We also dropped A Capella music from the dataset because the genre had too many data inconsistencies and bad observations.
Once we had clean data, we added an artist frequency column in order to track how many songs each artist in the dataframe appears in. This would allow us to do things like remove “one-hit-wonders” and compare the number of times that an artist appeared.
We also created a new dataframe called Song_Data_Frame_Merged where we merged our original dataframe with another Spotify CSV that includes dates. Since the date one doesn’t include genre, while our original one does, inner merging the two dataframes gives us the best of both worlds.
In this dataframe, we also created a decade column so it would be easy to access songs based on the decade they appeared in, rather than only the specific year. This was done using a lambda function and some string manipulation.
We began our data exploration by making a few plots where decade is the independent variable. Below we made a plot of popularity vs decade. As we can see, there seems to be a trend where the more modern the music is, the more popular it is right now.
#Grouping the data into groups of the same decade and calculating each group's average values
Decade_Groups = Song_Data_Frame_Merged.groupby(by = 'decade', as_index = False).mean().sort_values(by = 'year')
Decade_Groups.plot(kind='scatter',x='decade',y='popularity', s = 50,
color='blue', figsize=(10, 7), title = 'Popularity vs Decade ')
Next, we will plot danceability vs decade in order to see how one of our attributes correlates with the popularity trend we see above. As we can see from the graph below, there does seem to be some correlation between popularity and danceability, as both increase over time. Although there are some outliers (1920s and 1930s), the rest of the data appears to be very close to what is observed in the graph above.
Decade_Groups.plot(kind='scatter',x='decade',y='danceability', s = 50,
color='purple', figsize=(10, 7), title = 'Danceability vs Decade')
In this next graph, we attempt to do the same thing as we did above, but with energy instead of danceability. As can be seen with the graph below, energy also follows a similar trend to decade and danceability. As the decades progress, the average energy for that decade seems to also increase. Can this mean that certain attributes correlate with popularity?
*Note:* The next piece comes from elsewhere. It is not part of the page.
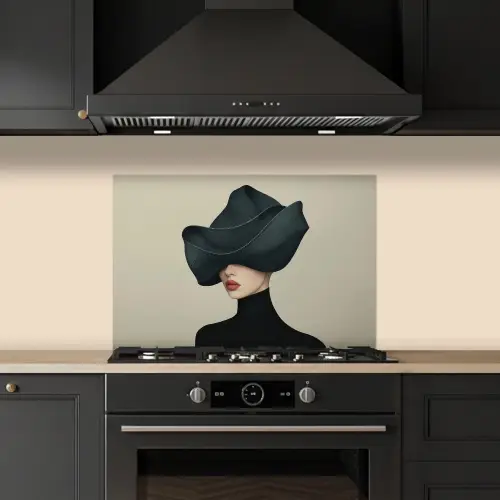 Vrouw - Groen - Hoed keuken achterwand spatscherm klein -sfeer1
Decade_Groups.plot(kind='scatter',x='decade',y='energy', s = 50,
color='green', figsize=(10, 7), title = 'Energy vs Decade')
Another interesting trend to look at is which genre from each time period is the most popular right now. To accomplish this, we simply iterate through the different decades and isolate the songs in each one. Using this new subset of data, we then group by the genre of music and find the average popularity of each genre. Finally, we can take the most popular entry from this subset to get the currently most popular genre of music from that decade. We can add this to our final dataframe.
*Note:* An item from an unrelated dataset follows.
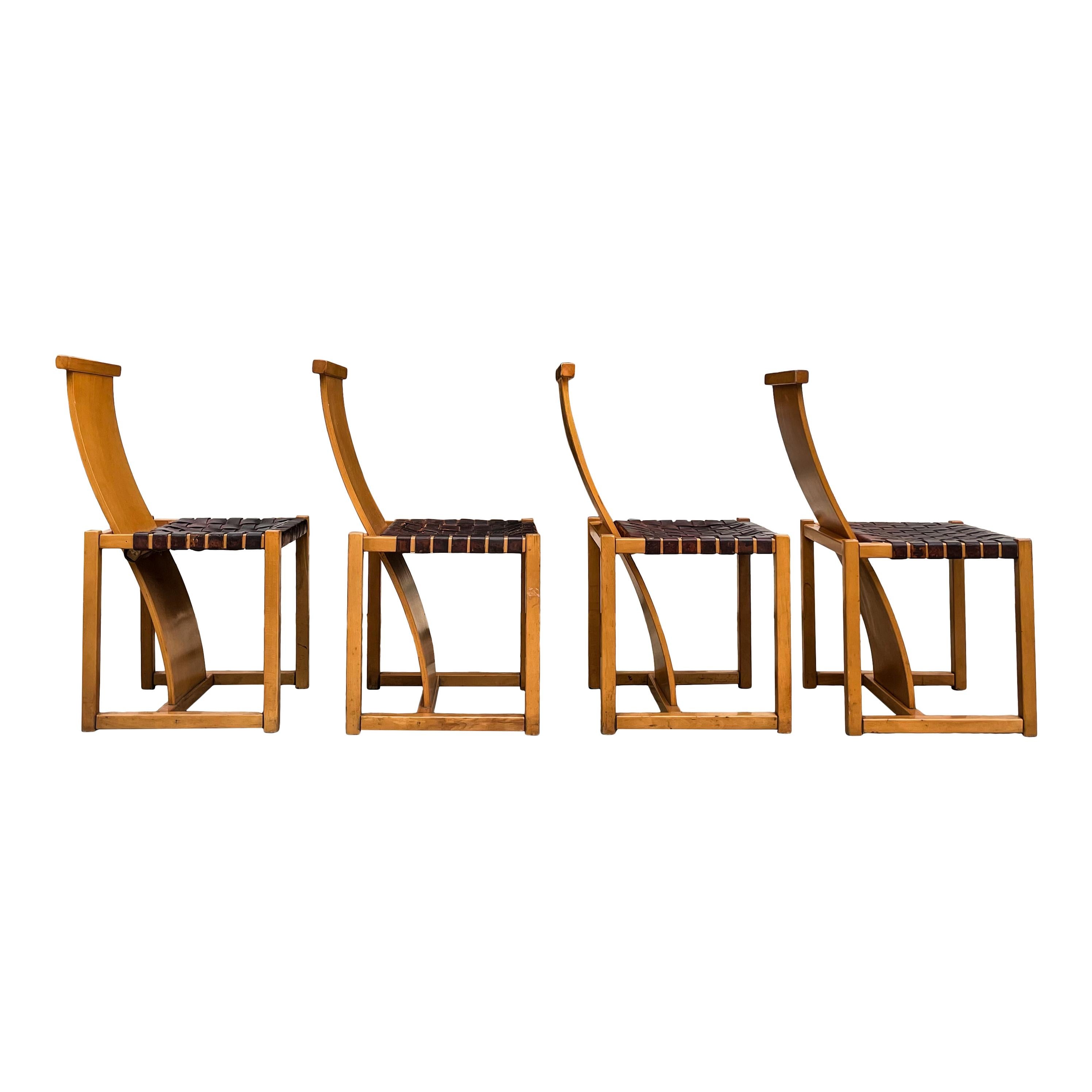 Midcentury Modern Italian Design Beech & Leather Dining Chairs, 1970s, Set of 4 For Sale 1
Decade_df = pd.DataFrame()
#looping through the different decades
for decade in Song_Data_Frame_Merged['decade'].unique():
#Creating a temporary dataframe to store songs of the current decade only
df = Song_Data_Frame_Merged[Song_Data_Frame_Merged['decade'] == decade]
#Grouping the songs in the current decade by genre and calculating the mean values for each genre within the decade
df = df.groupby(by = 'genre', as_index = False).mean().sort_values(by = 'popularity', ascending = False)
#Extracting the most popular row (genre) from the grouped df
Decade_df = Decade_df.append(df.iloc[0])
#Adding back the decade column that was lost in the process above
Decade_df['decade'] = Decade_df['year'].apply(lambda x: str(x)[2] + '0s' if x/10 < 200 else "20" + str(x)[2] + '0s')
Decade_df.sort_values(by = 'year')[['decade', 'genre', 'popularity']]
From the above chart, we can see that the most popular genre per decade right now seems to be Pop. However, from the 1920s to 1950s, other genres are dominant in popularity. Also, from the average popularities listed, we can see that earlier decades of music tend to be less popular now.
Intuitively, to see what attribute best predicts popularity, we will look at the popularity row of the correlation table. As can be seen in the popularity row, none of the attributes have a strong or even moderate correlation with popularity.
Song_Data_Frame.corr(method = 'spearman')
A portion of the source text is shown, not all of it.